TV: The Defeated (Season 1)

I had rather a middling reaction to Netflix’s The Defeated, an attractive international production that lands somewhere between high prestige drama and middle-of-the-road procedural. Set in Berlin in the aftermath of World War II, this historical mystery begins as New York detective Max McLaughlin (Taylor Kitsch) arrives, assigned to bring policing prowess to a nascent post-war squad run by newly appointed superintendent Elsie Garten (Nina Hoss). They’ve got their hands full pursuing a case involving “the Angelmaker” (Sebastian Koch), an unscrupulous gynecologist who has been “helping” desperate women raped and impregnated during the war…and then turning them into terrorist agents of a vast information network. Alas, Max and Elsie’s investigation is complicated and sidetracked by personal, hidden agendas. Max accepted the Berlin posting primarily to track down his disturbed older brother Moritz (Logan Marshall-Green), with whom he shares a traumatic past. Moritz’s mental illness didn’t prevent him from going to war, but now that it’s over, he’s made it his personal mission to continue waging it in Berlin, against Nazis quietly trying to reintegrate into society. Meanwhile, Elsie’s husband is in the custody of scheming Russian officer Alexander Izosimov (Ivan G’Vera), who is using him as leverage to turn Elsie into an intelligence asset in the Allied zones.

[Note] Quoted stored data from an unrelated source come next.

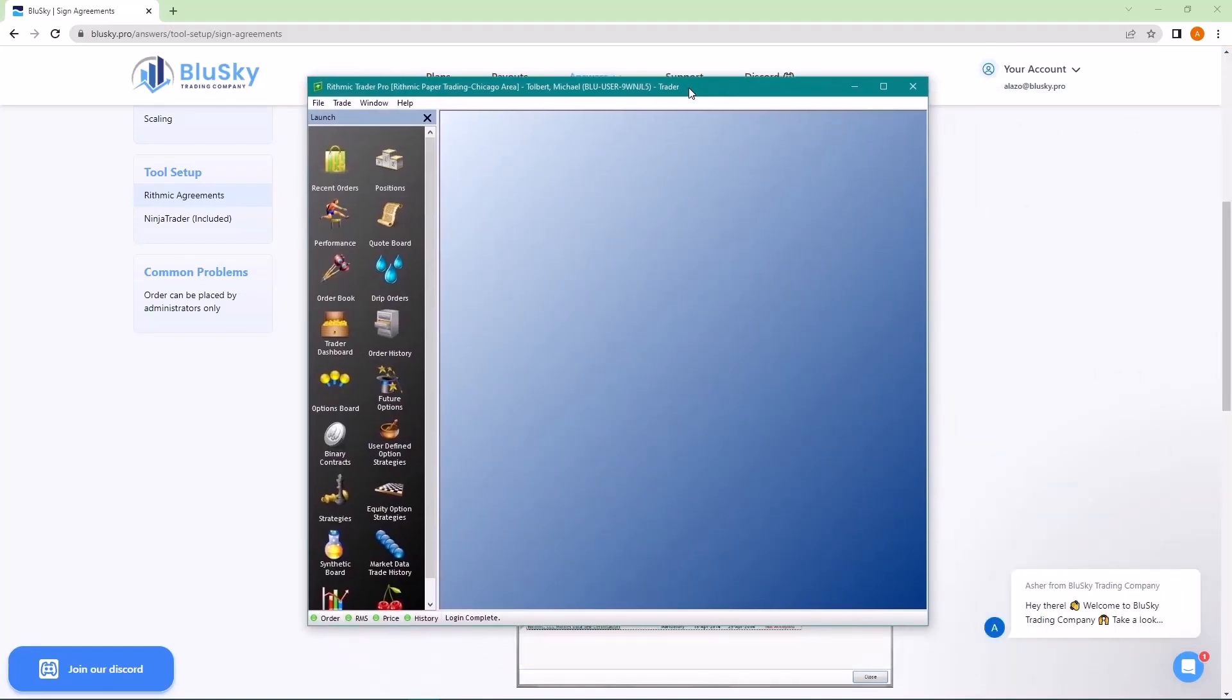And then your RTrader Pro window will open. Now you can use RTrader Pro to do all of your trades, but I know most of you would like to get NinjaTrader installed. So let's get that going as well.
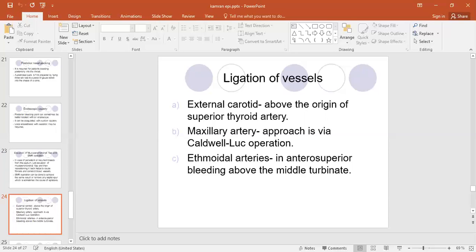When bleeding is above the middle turbinate, we can approach it along the medial wall of the orbit, elevating the flap to find the anterior and posterior ethmoidal arteries, and clip or cauterize them there.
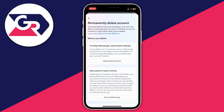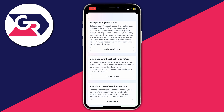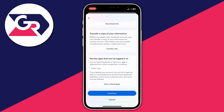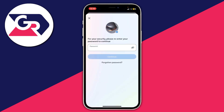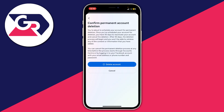Facebook will give you a few alternatives, so go through them if you're interested. Personally I just want to delete my account, so I'll tap Continue at the bottom. Then I need to enter my password again, press Continue, and here we are on the final page.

The Defeated possesses lots of assets, many of them right in my wheelhouse: early Cold War history, dark procedural mystery, first-rate production values, a solid cast. It keeps plenty of interesting plates spinning; on top of the aforementioned, there are diverting narrative side plots involving Max’s pompous State Department boss Tom Franklin (Michael C. Hall), Tom’s flirtatious alcoholic wife Claire (Tuppence Middleton), and one of the Angelmaker’s conflicted converts, Karin Mann (Mala Emde). This multitude of components combine in an intriguing mosaic that makes the most of its rich, gritty setting, which is strikingly filmed. It’s surprising to me, then, that I feel so underwhelmed by the whole thing. Hoss and Koch are terrific, of course, showing why they are essentially acting royalty in German cinema, but beyond those two the acting is just workmanlike. The backstory driving the fraught sibling connection between Max and Moritz isn’t particularly interesting, nor is the way that history drives their behavior. The tangle of mysteries is reasonably entertaining, at least, and there’s a satisfying focus on character-driven theme, showing the writers are working mindfully toward a goal: depicting political occupation in the surface story, while illustrating the psychological occupations that drive a number of conflicted, sympathetic characters. It’s a good angle well realized, but in the end The Defeated amounts to a professional and totally watchable drama that ultimately doesn’t inspire much enthusiasm.